Choosing Stairwell Chandeliers
This entry was posted on 13 June 2014.
It is such a shame that so much effort gets put in to accentuating the principal reception rooms that the first and original ‘reception’ room , the hallway, almost gets forgotten, especially where lighting is concerned.The entrance hall to your home is the first chance you get to make a statement, to say “This is us”, and such an important part of that statement is the lighting as it sets the stage for the whole ambience of your home. Without doubt the essential factor is ‘welcoming’ and never more so than in winter when you return home in the cold and dark. With the flick of a switch your whole mood can change and all because you have managed to create the right atmosphere with the right lights for the space and design of the area in question.
However, one of the biggest problems faced with hallways is ceiling height. In many substantial dwellings the entrance hall can often have a double, or even triple height ceiling, which almost immediately rules out the majority of pendant lighting. But there are excellent options available and all you probably need is some sound advice. Deciding on a light for your hallway and stairwell is one of the hardest decisions you will make, and strangely it is not the design that will cause you to think carefully, but the size. Hallways and stairwells are notorious for being deceptive in volume, and while we may know what size will best suit certain dimensions, that choice may seem too big to the uninitiated when not in situ.
In addition, because stairwell ceiling pendant lights can also depend on reflected light from a ceiling to increase the brightness, a chandelier hung from a second floor ceiling doesn’t have that luxury, so its size will not just be based on the space to fill, but the amount of light it is actually required to emit. But that works both ways. Making a statement is one thing, but dazzling people when they come to your house is not the ideal situation. Of course with any form of light you use in your hallway, if you can look down on it as well as up to it, then you must ensure it appears equally attractive from both perspectives. Too many pendant lights cater only from a ground floor up view.

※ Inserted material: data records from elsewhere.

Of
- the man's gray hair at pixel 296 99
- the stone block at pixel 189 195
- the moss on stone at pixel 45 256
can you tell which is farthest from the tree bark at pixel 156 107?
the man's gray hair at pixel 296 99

The way your staircase turns, its design, the shape of half-landings, size and style of balusters and balustrades all have an impact on what type of central light you should have, and of equal importance, whether matching wall lights will help to complement and enhance the overall desired effect. There are many occasions where it is just not possible to create balanced and consistent lighting with one central source, and a lack of consistency to the backdrop of any pendant hall light can detract from the main feature. In instances such as this, wall mounted lighting, in a matching style, helps to ‘connect all the dots’ and restore a sense of calm and unity.